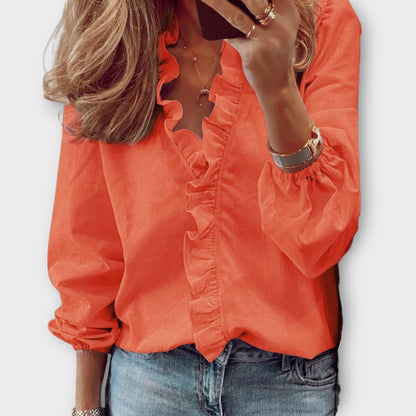 Isadora | V Neck Ruffle Trim Long Sleeve Casual Elegant Blouse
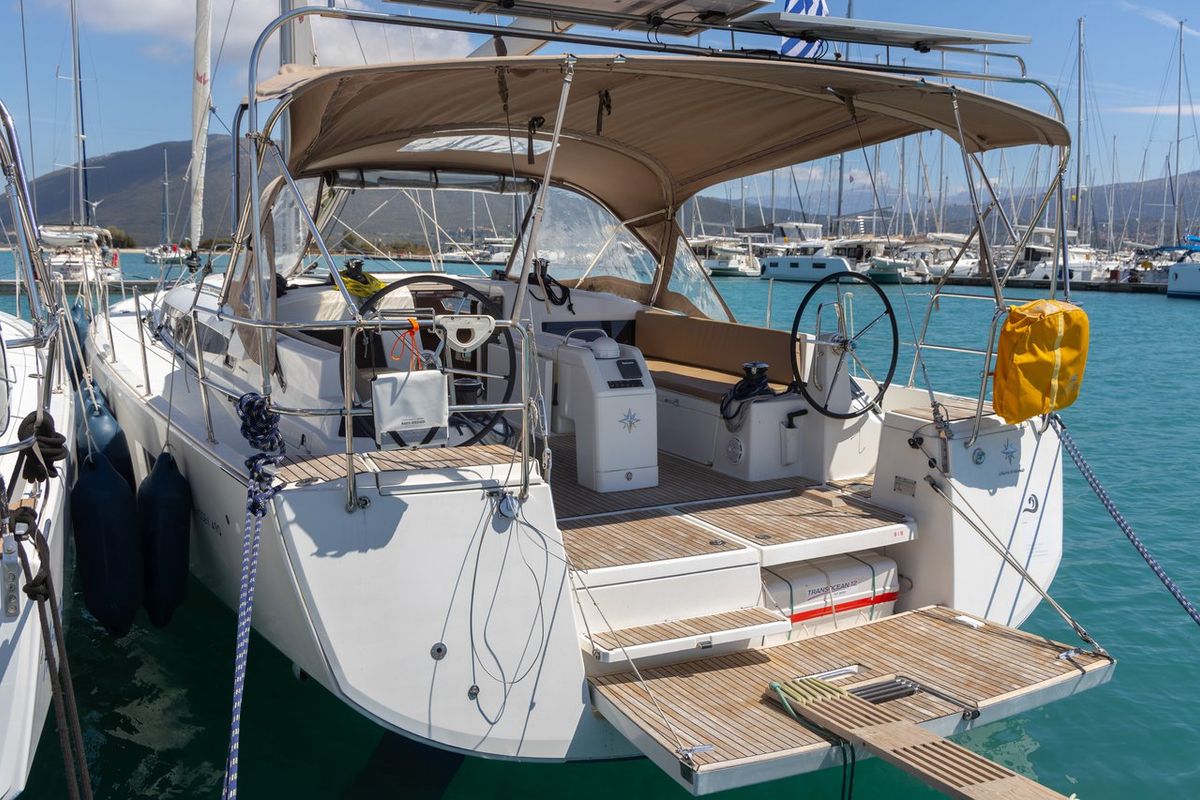 Cockpit of Maria, a Jeanneau Sun Odyssey 490 sailboat at Municipal Unit of Lefkada, Greece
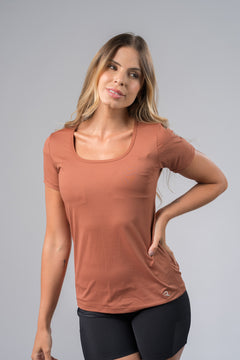 Blusa Slim Baby Look Marrom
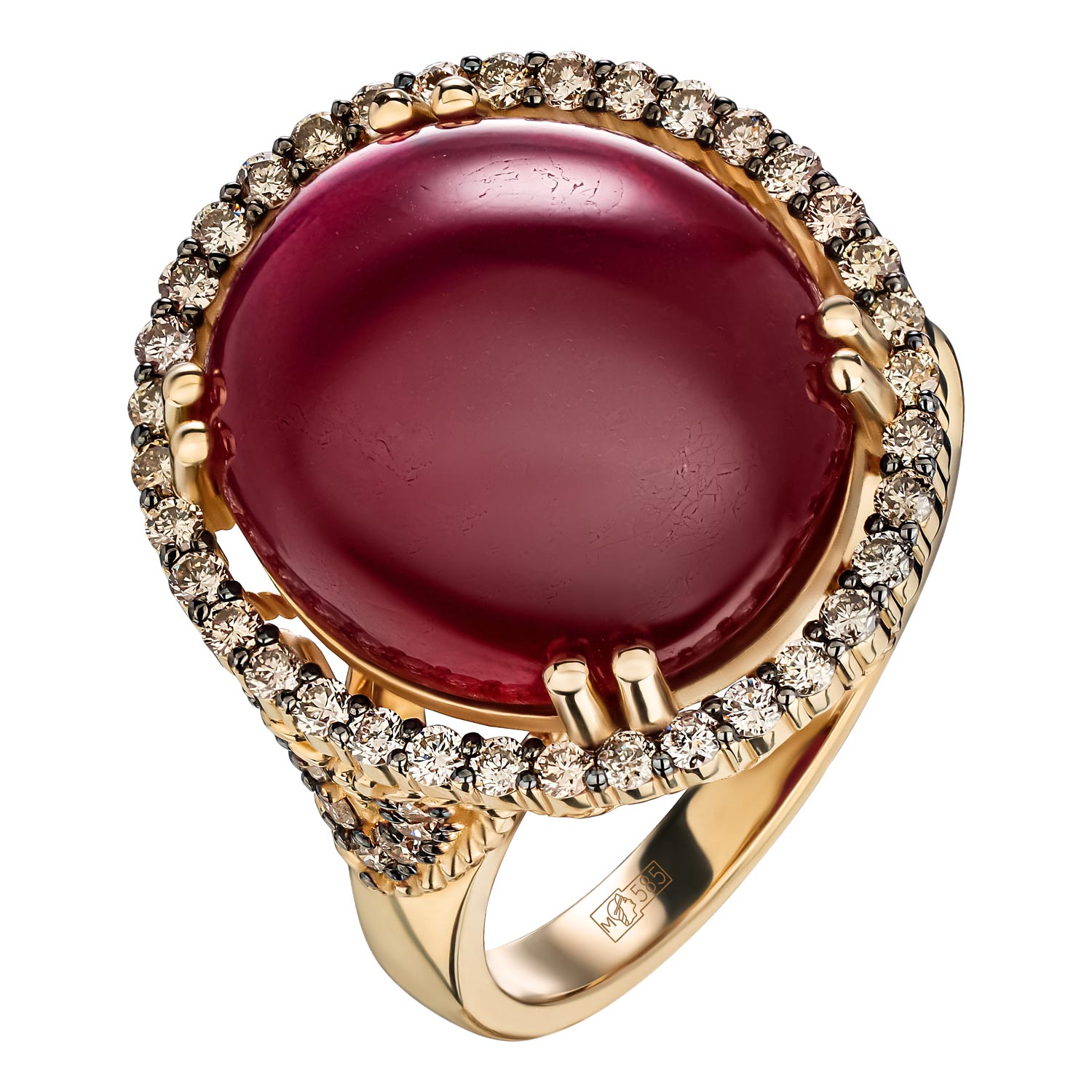 Кольцо из желтого золота с рубином и бриллиантом р. 17 Sargon jewelry R1057-2023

__Your assignment__: Repeat every line of the data exactly, but do not include pictures.

__Answer__:
 Isadora | V Neck Ruffle Trim Long Sleeve Casual Elegant Blouse
 Cockpit of Maria, a Jeanneau Sun Odyssey 490 sailboat at Municipal Unit of Lefkada, Greece
 Blusa Slim Baby Look Marrom
 Кольцо из желтого золота с рубином и бриллиантом р. 17 Sargon jewelry R1057-2023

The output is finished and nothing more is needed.